Apache HCatalog - Amazon EMR

Apache HCatalog

HCatalog is a tool that allows you to access Hive metastore tables within Pig, Spark SQL, and/or custom MapReduce applications. HCatalog has a REST interface and command line client that allows you to create tables or do other operations. You then write your applications to access the tables using HCatalog libraries. For more information, see Using HCatalog. HCatalog is included in Amazon EMR release version 4.4.0 and later.

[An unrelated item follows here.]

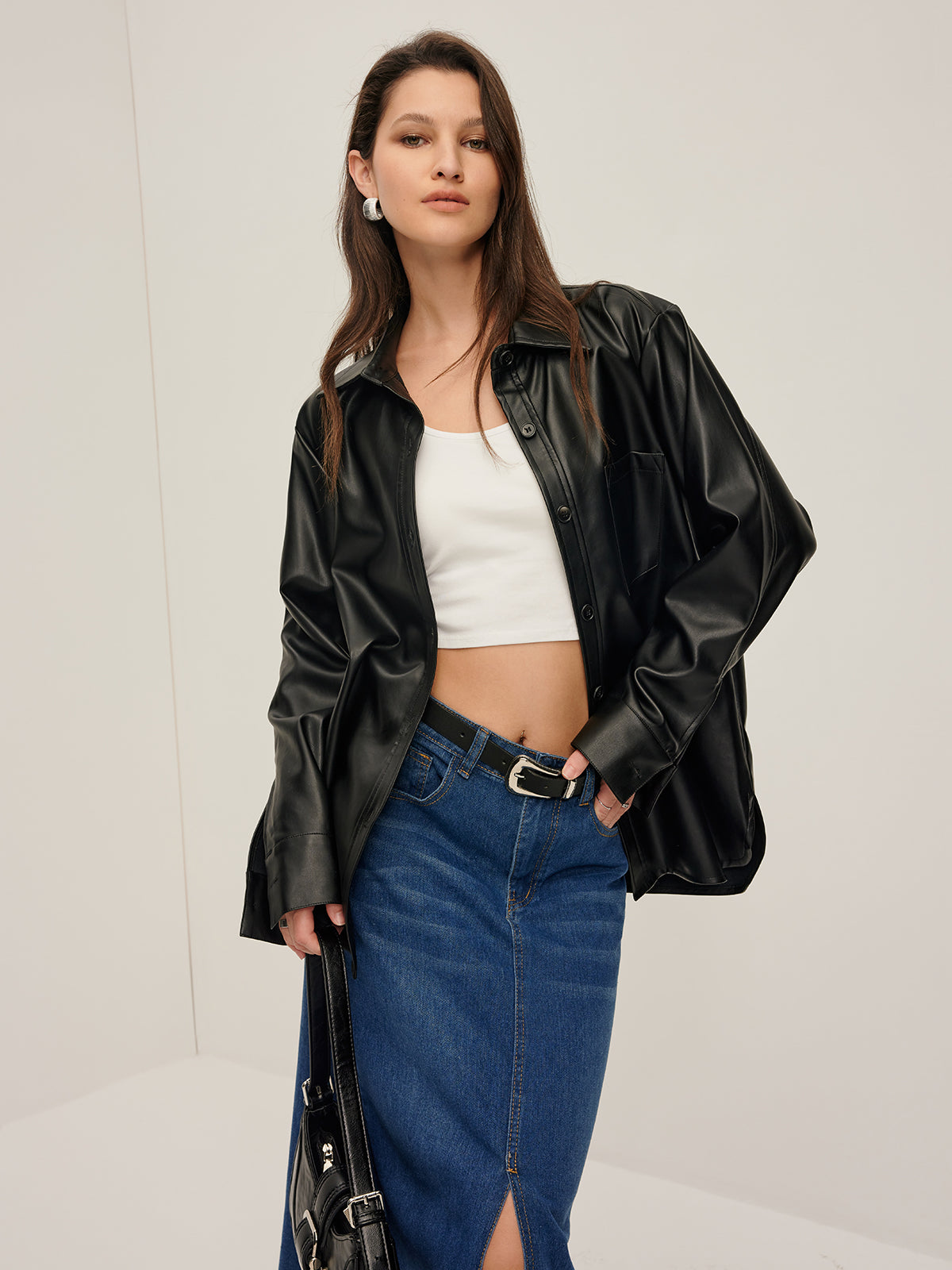 Callistari Plain Faux Leather Lapel Shirt-CALLISTARI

HCatalog on Amazon EMR release version 5.8.0 and later supports using AWS Glue Data Catalog as the metastore for Hive. For more information, see Using AWS Glue Data Catalog as the metastore for Hive.

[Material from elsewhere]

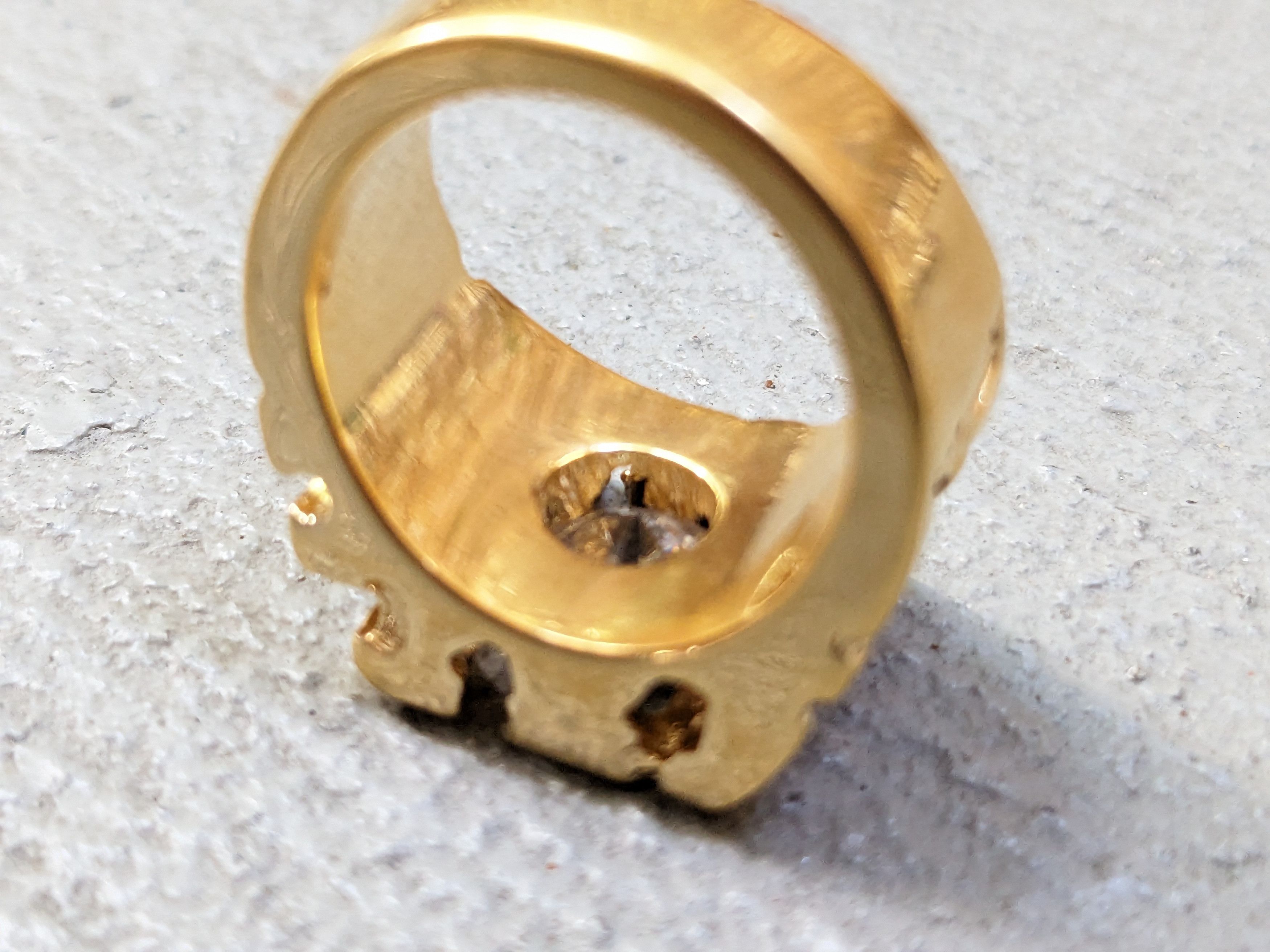 Jewelry Gold Plated Ring Nugget CZ Size 7 Brutalist Modern Square Size ONE SIZE - 9 Thumbnail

The following table lists the version of HCatalog included in the latest release of the Amazon EMR 6.x series, along with the components that Amazon EMR installs with HCatalog.

For the version of components installed with HCatalog in this release, see Release 6.15.0 Component Versions.

HCatalog version information for emr-6.15.0
Amazon EMR Release Label HCatalog Version Components Installed With HCatalog

emr-6.15.0

HCatalog 3.1.3

emrfs, emr-ddb, emr-goodies, emr-kinesis, hadoop-client, hadoop-mapred, hadoop-hdfs-datanode, hadoop-hdfs-library, hadoop-hdfs-namenode, hadoop-kms-server, hadoop-yarn-nodemanager, hadoop-yarn-resourcemanager, hadoop-yarn-timeline-server, hcatalog-client, hcatalog-server, hcatalog-webhcat-server, hive-client, mariadb-server

The following table lists the version of HCatalog included in the latest release of the Amazon EMR 5.x series, along with the components that Amazon EMR installs with HCatalog.

For the version of components installed with HCatalog in this release, see Release 5.36.1 Component Versions.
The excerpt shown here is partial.